To refuse to acknowledge and accept responsibility for past generation's atrocities is to refuse to acknowledge right from wrong based on the misplaced pride that it would harm the honour of the Japanese nation and race and desecrate her heroes who died for the nation at its time of crisis.

It has even come to such an extent that facts in history textbooks are twisted by euphemistic portrayals of the Asia-Pacific war as not an invasion but a 'liberation' for Asian countries, deleting parts on the 'comfort women' system in occupied Manchuria and Korea and denying the Nanking massacre in China just so that young Japanese would not feel ashamed of what happened.

Such state of denial is warped. Admission did not harm the German nation from progressing to yet greater heights with reunification. I understand that the German premier had even knelt in apology and the German government paid reparations to holocaust survivors for Hitler's Third Reich excesses, whilst Japanese premier(s) still pay periodic homage to the Yasukuni War Shrine in honour of the soldiers.

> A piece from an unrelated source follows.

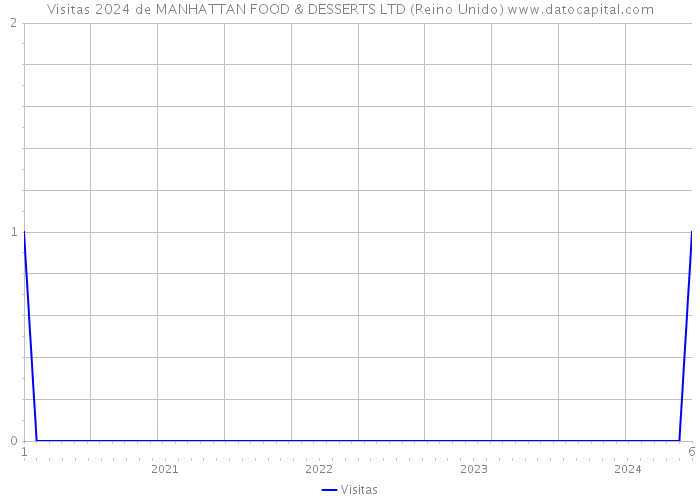 Visitas 2024 de MANHATTAN FOOD & DESSERTS LTD (Reino Unido)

For history not to be repeated, it has to be first known, not twisted. And true national dignity emanates from a willingness to acknowledge past mistakes and atone for them, given a nation's life is one long continuum from barbarity to development and from development to mental and emotional maturity, each milestone being marked by what noble act the nation does including, sometimes, a sincere contrition of mistakes.

Only with the Japanese government's acknowledgment of legal responsibility for past heinous depredations of the Japanese imperial army, can forgiveness and healing of the past from the aggrieved peoples and their posterity ever set in to form the foundation of trust in dealing with the Japanese in future.

For Japan to regain an honoured place in the international society, the government should give an unequivocal apology and pay due compensations to comfort women who could prove their case.

I call on then Umno Youth International Bureau representative, Mustapha Yaakub, who was barred from raising the issue in 1993 to now disclose his findings whether in official or personal capacity to the public (through malaysiakini if it were the only avenue).

Should Malaysian comfort women come out from the silent shadows to seek redress directly from the Japanese government through help of support groups or NGOs or through the auspices of the Malaysian government?

MCA public complaints bureau chief Michael Chong should disclose which comfort woman contacted him before his investigations were halted by the Japanese Embassy, and what compelling reasons he was given.